Adventures in Awesome Living

by Sunil Bali, Chief Energy Officer, 25-09-11

There’s a wonderful story about a man who travels from London to a business conference in California.

On the last day of the conference, in the last seminar, the man sits next to a woman who has come from New York. The pair of them get on fabulously well. It transpires that they are both freelance journalists, authors and single.

They share a cab back to the airport, exchange contact details and agree to keep in contact.

The man walks away completely besotted.

Every week for the next 50 weeks the man writes a letter to the woman in New York.

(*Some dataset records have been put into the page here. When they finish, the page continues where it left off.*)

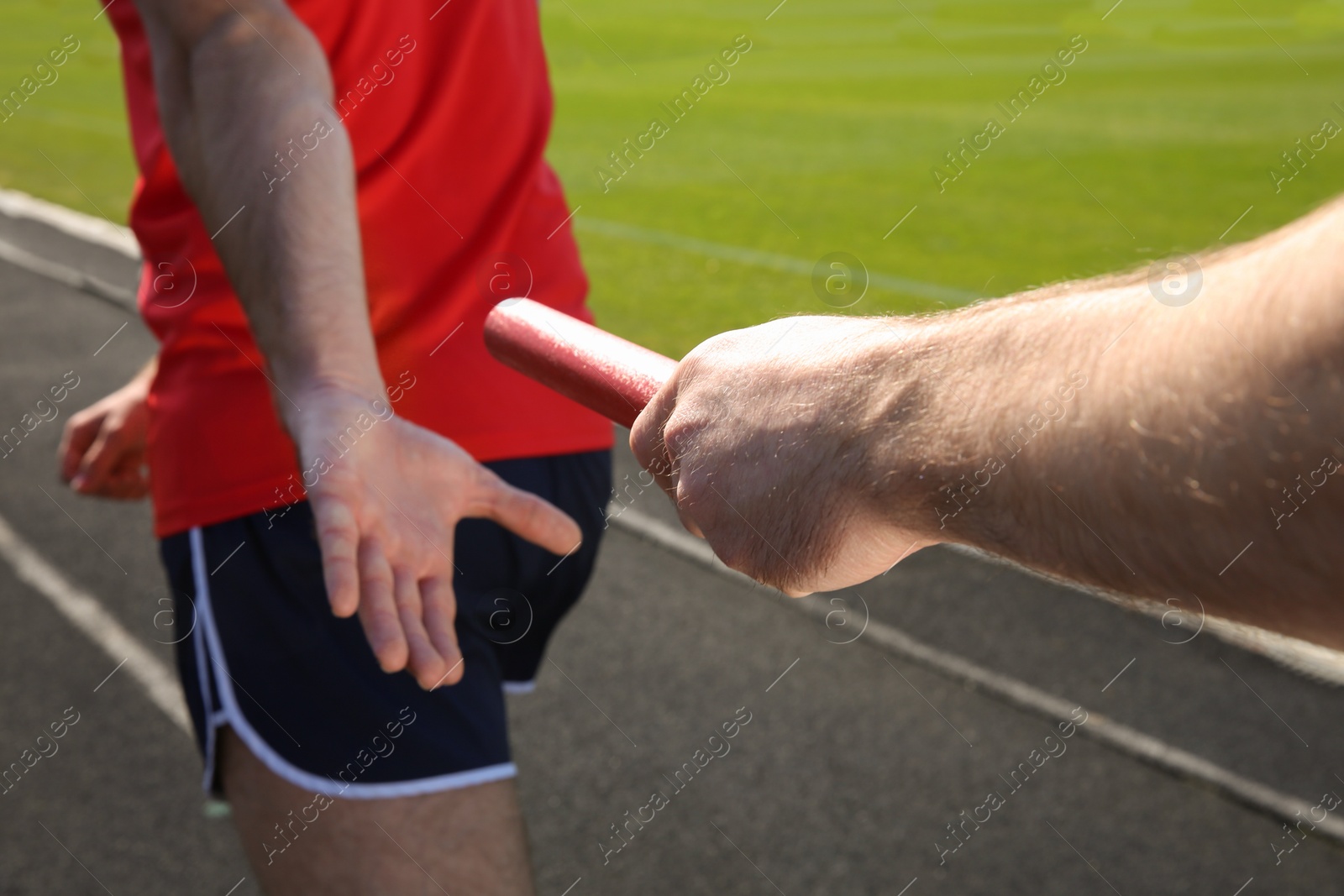 Photo of Man passing baton to his partner at stadium, closeup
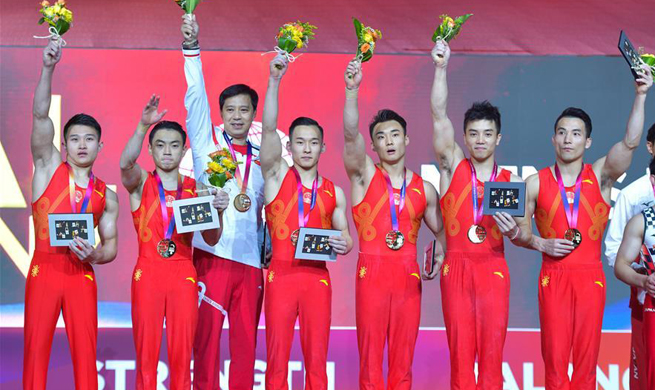 China wins men's team title at gymnastics worlds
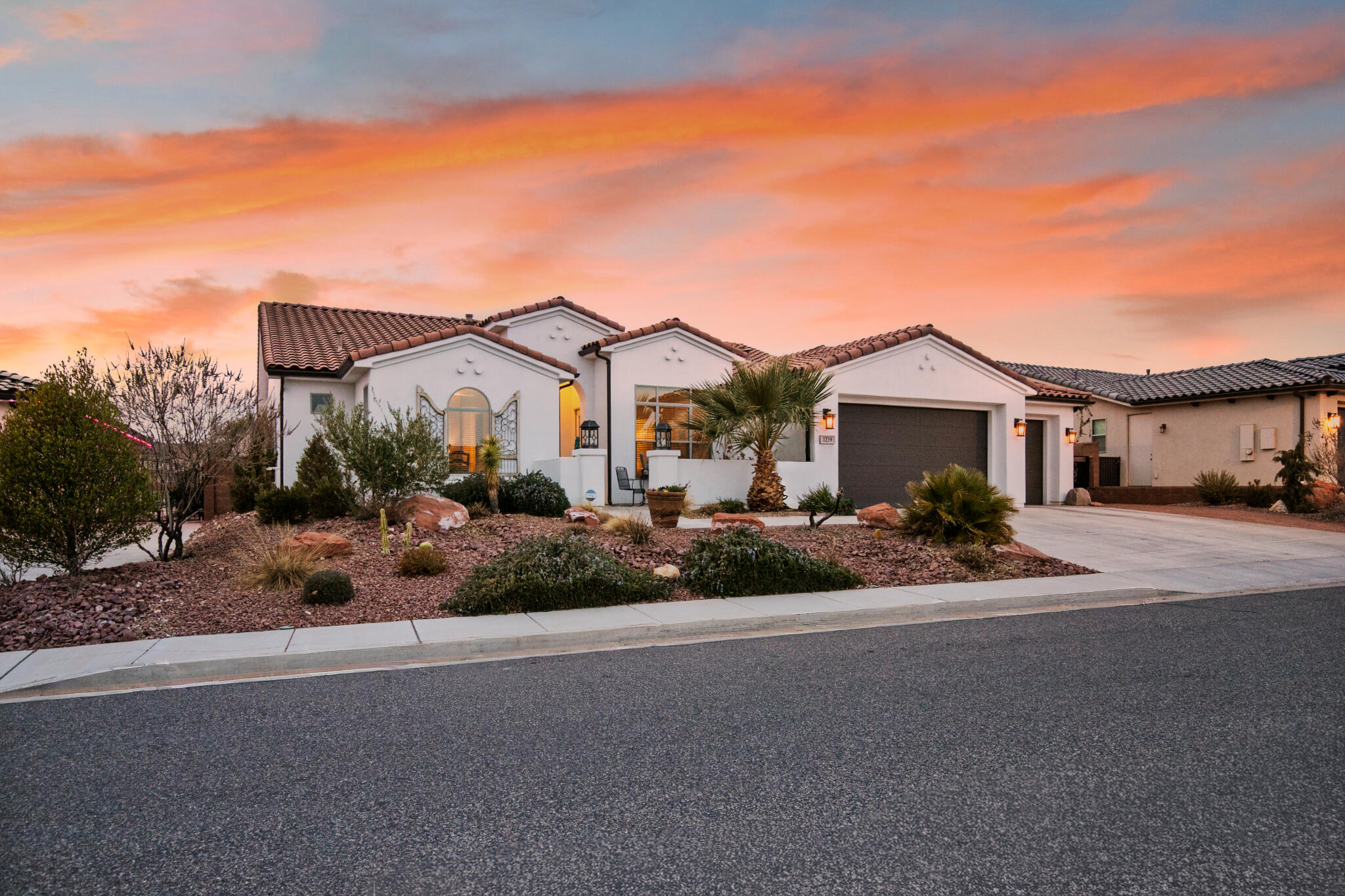 Stunning extended Amethyst model offering over 3,000 sq ft with 4 bedrooms, 4 baths, plus bonus theatre/bunk room. Situated on the largest lot in the subdivision (½ acre) with breathtaking golf course and mountain views. Designed for indoor-outdoor living with a 4-panel sliding glass door opening to a resort-style backyard featuring a 9-ft deep pool with diving board, rope swing, sun shelf, swim lane, fire pit lounge with TV, putting green, expansive lawn, outdoor shower, and space for a future outdoor kitchen. Dual gates provide golf course and gully access. Gourmet kitchen with generous dining space. Luxurious owner's suite with spa-style bath, oversized shower, soaking tub, dual vanities, and large walk-in closet.  Too many extras to mention.  Priced at Appraisal, don't miss this one. Additional features: Tesla solar panels with Powerwall backup, Rinnai instant hot water, landscape lighting, outdoor speakers, RV parking, and 3-car garage. Private resort living in one of the community's most desirable locations.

The week before the first anniversary of their meeting, the woman writes to the man and tells him that she’s married the postman.

Please don’t confuse efforts with results.

There are just under 100 days until the end of the year. Are you focussed on doing the right things?

It doesn’t matter how you started this year, what matters is how you finish…..

Are you going to finish strong? (160 second video)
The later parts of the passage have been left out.